How do some PhD students get 10+ papers? Is that what I need for landing good faculty position?
I think at least part of the answer lies in different cultures across fields. I did my PhD in computer science/artificial intelligence. There a huge focus is on conference papers which tend to be smaller contributions. Often incremental progress on a single project is reported in multiple conference papers and it was expected that a paper corresponds to several months worth of work. Frequently you would publish in a conference and then have an extended version appear in a journal. All in all, 5 first-author papers upon PhD was not exceptional. Also we had a lot of within-group collaboration so I got to e.g. run a few statistical routines on someone else's data, help write the manuscript and become a coauthor for about a week of work. I ended my PhD with 23 publications, 8 of which were first-author - this was above average in my group, but not exceptional.
Now I do bioinformatics and collaborate a lot with biologists. Their papers are usually longer and for any result you need a lot of tedious manual work in the lab. In turn, the papers represent years worth of work. Many people - even brilliant ones - end their PhD with 1-3 first-author publications. I've heard in some areas, publications are even harder to come by. In other words, the number of publications is not a very good proxy for brilliance, especially when you are ignoring quality and comparing across fields.

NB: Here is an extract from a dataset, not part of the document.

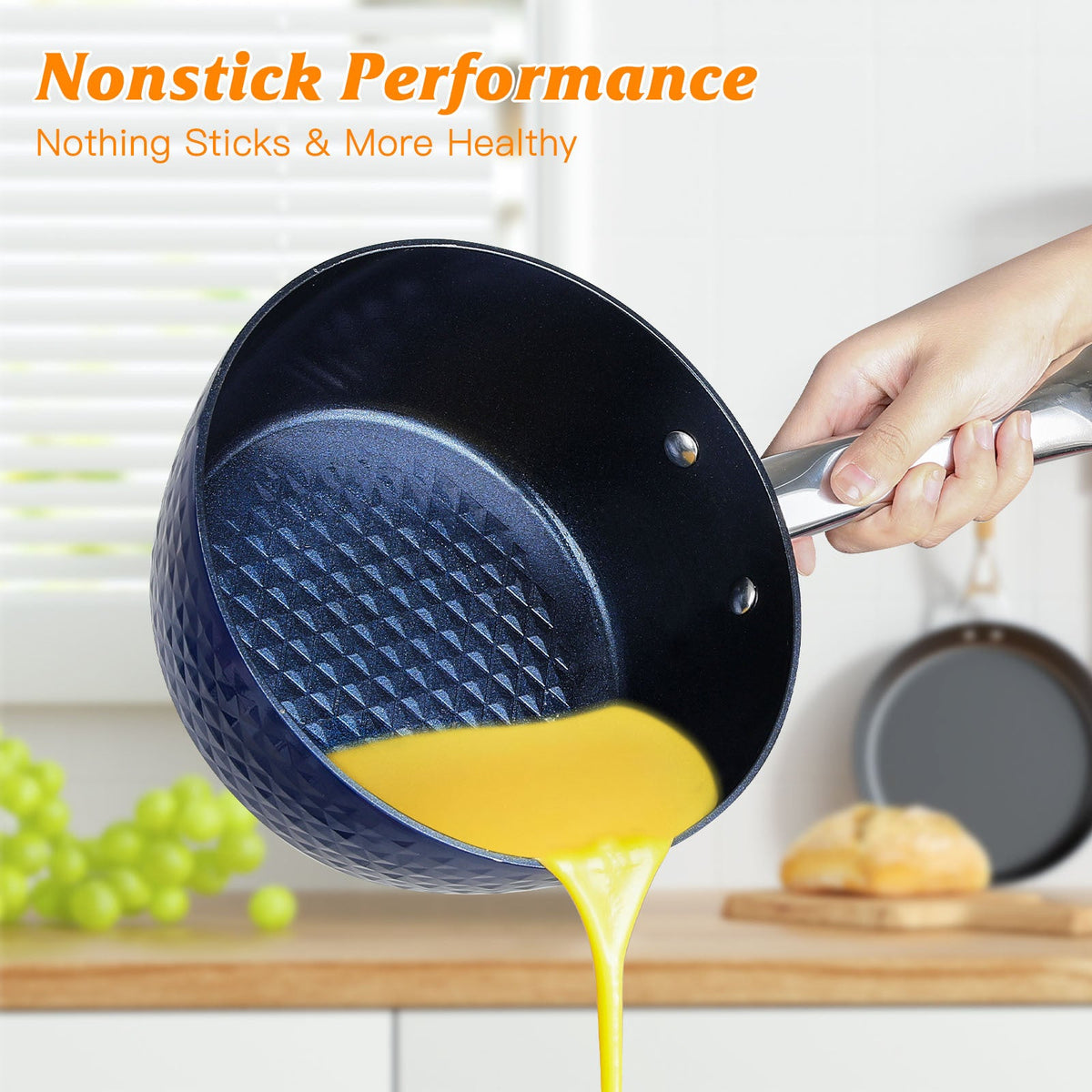 Blue nonstick frying pan with pouring spout, yellow oil in pan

As for the 100+ citations - my best bet (since you mention bioinformatics) is that this is because the students co-authored some software/tool/protocol that ended up being useful => cited. (tool papers tend to be the most cited ones). This is obviously a success, but once again does not necessarily imply that failing to produce useful tools is a sign of non-brilliance.
Example: DeSeq2 software for comparing gene expression across samples has > 10 000 citations on Google scholar while the first detection of gravitational waves has just above 6 000 citations on Google Scholar.
Also me and some of my colleagus have landed reasonable jobs with roughly 0 citations (excluding self).
First, that's not a useful question to ask, primarily because it's nothing you can control in any reasonable way.
Second, just because some graduate students have somehow come up with such statistics does not imply that your average competitor has. It's a bit similar to the average physicist not having published three papers at the age of 27 all of which could have gotten a Nobel Prize on their own -- even though Einstein did. You will always have people who are far better than everyone else, and they will likely get positions somewhere, but they're not going to fill all available positions.
Finally, publications are just one measure search committees use to determine who to hire. There are many questions on this forum that discuss the many many other criteria used, so I won't repeat them, but you might want to read through these other posts to see that publications are really just one of many criteria.
As someone who got 6 publications during their PhD - it's often because they are of low quality. I (wrongly) placed a large focus on quantity over quality and it resulted in a rather lacklustre thesis.
Some people are able to get large numbers of high-quality publications, but they are so much more rare than people who get large numbers of papers that will never be cited or even read by anyone of note.
It's good to have some publications - but it's better to ensure that the research you are doing is of value to the field!